The Old Print Shop

Howard N. Cook

1901-1980

Howard Cook - printmaker, painter, and muralist - was born in Springfield, Massachusetts, on July 16, 1901.  He studied painting and drawing at the Art Students League on a scholarship from 1919 to 1921 and returned to the League in 1922 to study etching under Joseph Pennell. He liked to travel and spent most of the mid-twenties traveling and sketching.  In 1922 he was in Europe, 1923 the Far East, 1925 the Middle East and Europe, and in 1926 worked on a passenger ship that ran between New York and San Francisco.  He then traveled as an illustrator for Forum Magazine to Santa Fe, New Mexico. While in Taos, New Mexico, he met and married Barbara Latham, a fellow New England artist. He had his first one-man exhibition at the Denver Art Museum in 1927.  Over the next two decades, he had over twenty one-man shows in New York, Texas, New Mexico, Massachusetts, Oklahoma, Pennsylvania, and New Jersey.

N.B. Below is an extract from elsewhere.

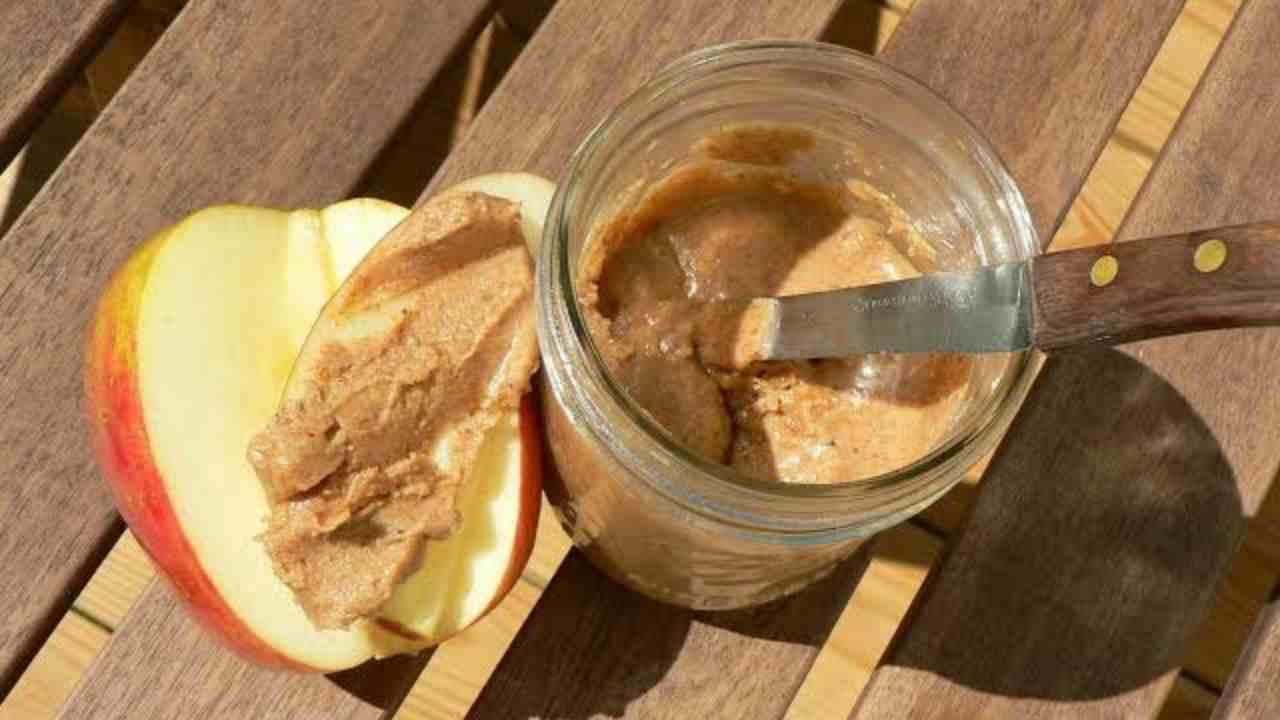 Apple & Nut Butter Apple & Nut Butter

Cook was a master printmaker working in etching, aquatint, lithography, woodcut, and wood engraving. He printed his own images with the exception of the lithographs which were printed by George Miller and other experienced craftsmen. He found visual stimulus in the dramatic skyscrapers and bridges of New York City. From the unusual perspectives in the woodcuts, "The New Yorker" and "Skyscraper," to the shimmering city in the lithograph, "New York Night," one can see that his vision was different than his contemporaries. 

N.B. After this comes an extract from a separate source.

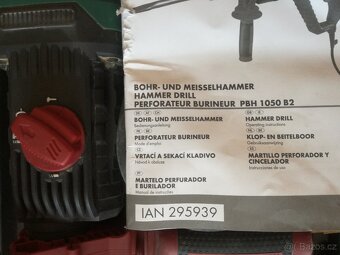 Vrtací a sekací kladivo PBH 1050 - 4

Although he visited New York City often, New Mexico was home. His works from the Southwest are images of pueblos and wonderful rock formations of the region.  During 1932 on his first Guggenheim Fellowship, he studied the art and people of Mexico. During his second Guggenheim Fellowship in 1934, he traveled through the Ozark Mountains and the American South producing a fine body of landscapes and portraits.